Lately, I’ve been thinking about how easily the focus can shift away from what really matters. This latest suggestion that schools could find savings by reducing the number of Assistant Headteachers feels like one of those moments, a convenient distraction, a misdirected focus.
It plays on a familiar divide, the one that too often opens between senior leadership and everyone else. I sat in a meeting recently where frustration, anger, and exhaustion were all directed towards leadership teams. And while I understood that tension, I also knew the truth of what those teams carry.
They are not overstaffed; they are overstretched.
Behind every leadership title is a human being trying to hold a system together that was never designed to hold this much.

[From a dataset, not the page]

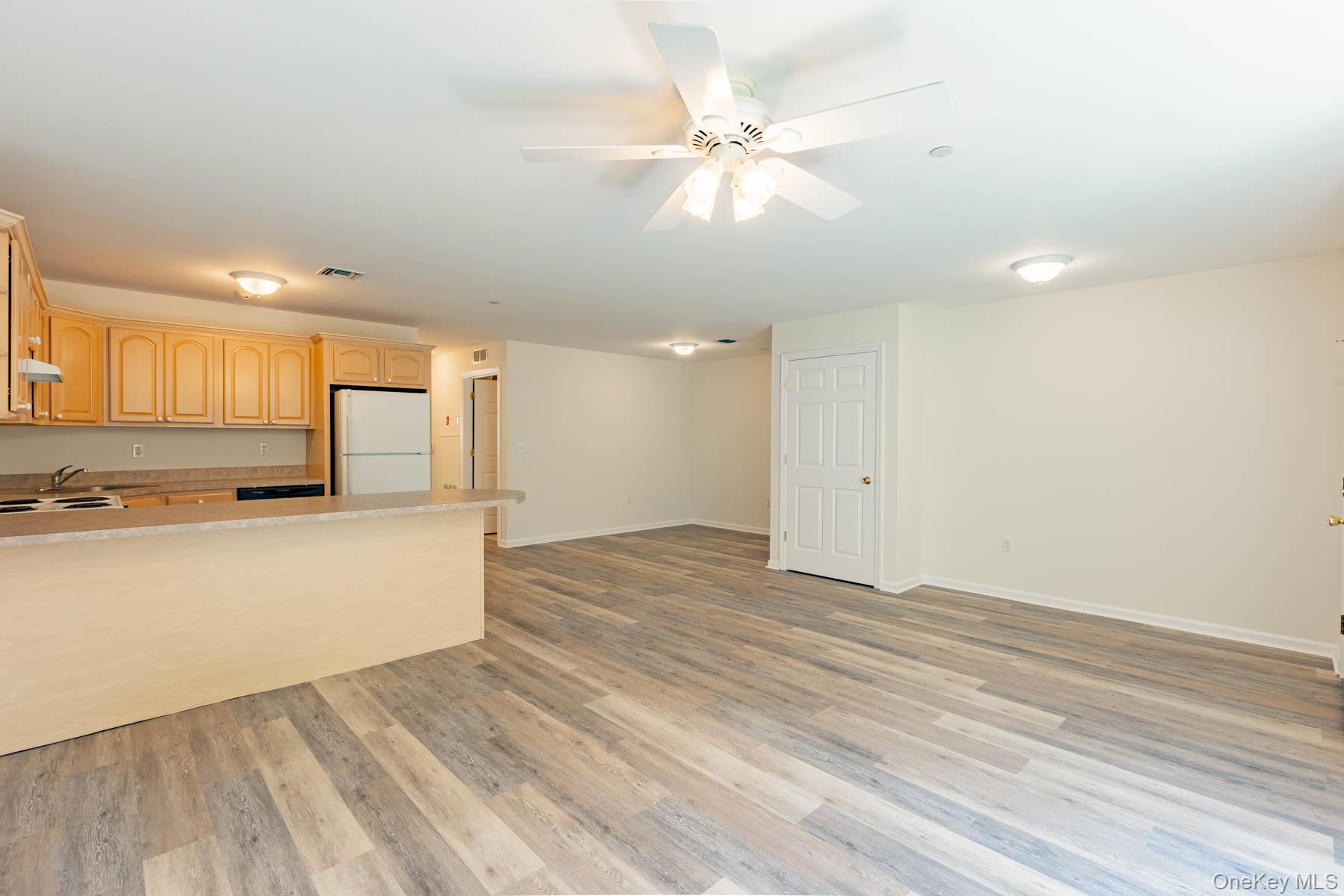 105 Flurry Lane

Senior leaders are the ones delivering the messages no one wants to hear. They don’t want to deliver them any more than we want to hear them. Human to human, I see friends who bear the weight of those conversations so heavily that it impacts their world, often as much as it does the other person’s. I don’t know many senior leaders who get their kicks out of being cruel. They carry the emotional cost of every decision, every conversation, every compromise that keeps the wheels turning.
They are the ones safeguarding everyone, staff and students alike. The ones absorbing complaints, anticipating crises, responding to new expectations faster than they can be understood.
Someone in that meeting gently reminded us that the stress we feel throughout the system filters down because senior leaders feel it first. They hold the heat before anyone else does.
And yet, when ministers imply that the rise in Assistant Head numbers is evidence of inefficiency, it reduces a complex reality to a soundbite. It dismisses the truth that schools today are doing more than ever before, not because they want to, but because they must.
In the last decade, schools have absorbed the weight of services that vanished: mental health support, social care, family outreach, early intervention. Every role that’s been cut elsewhere has found its way, quietly and inevitably, to the school gates.
The responsibilities of an Assistant Head in 2025 (and any other school leader, for that matter) are unrecognisable from those of a decade ago. They are curriculum leads, safeguarding partners, public health advocates, crisis managers, wellbeing champions. They are the people keeping the system human.
This isn’t inefficiency; it’s survival.
Every one of us in this profession is trying to make things better. We don’t clock in and out of caring. We don’t switch off at the end of the day and stop worrying about the children or colleagues we carry in our thoughts. For us, this isn’t a political cycle. It’s a life’s work.
If ministers spent more time listening, really listening, to the people inside the system, and less time searching for someone to blame, I believe education would be in a far better place. Support heals. Division harms.
The truth is, the government has rarely, if ever, prioritised the education system or the people working tirelessly to make it a better, more inclusive place, one where everyone belongs. Perhaps they should own that, with integrity, like the senior leaders we see modelling this in schools across the country. Because that’s what real, wholehearted leadership looks like. It looks like honesty, transparency, delivering the tough messages even when they break our hearts, and not shifting blame but sitting with it, even when it hurts and is uncomfortable, because there is no other choice.
Every year, the demands grow. Every year, the expectations rise. And still, leaders show up, tired, stretched, but determined, because they believe in what this work stands for: the children, the communities, and the possibility of something better.
So, no, the solution isn’t fewer Assistant Heads. The solution is a government that understands that leadership isn’t a cost to be cut; it’s a lifeline to be protected.
Because the people holding this system together don’t need judgment. They need support. They need trust. They need to be seen for what they are: the heart of a system that keeps showing up, even when it hurts.
If we’ve learned anything in recent years, it’s that real change never begins in Whitehall press releases. It begins in classrooms, corridors, and staffrooms, in the quiet, steadfast humanity of those who keep showing up.
The ones who lead not with hierarchy, but with heart. The ones who carry the weight, and still choose hope.
So here’s to them, the Assistant Heads, the Deputies, the Heads, the people who stand at the intersection of policy and people, holding the system together one decision, one conversation, one act of care at a time.
They are not the problem to be solved. They are the proof that, even in an exhausted system, humanity endures.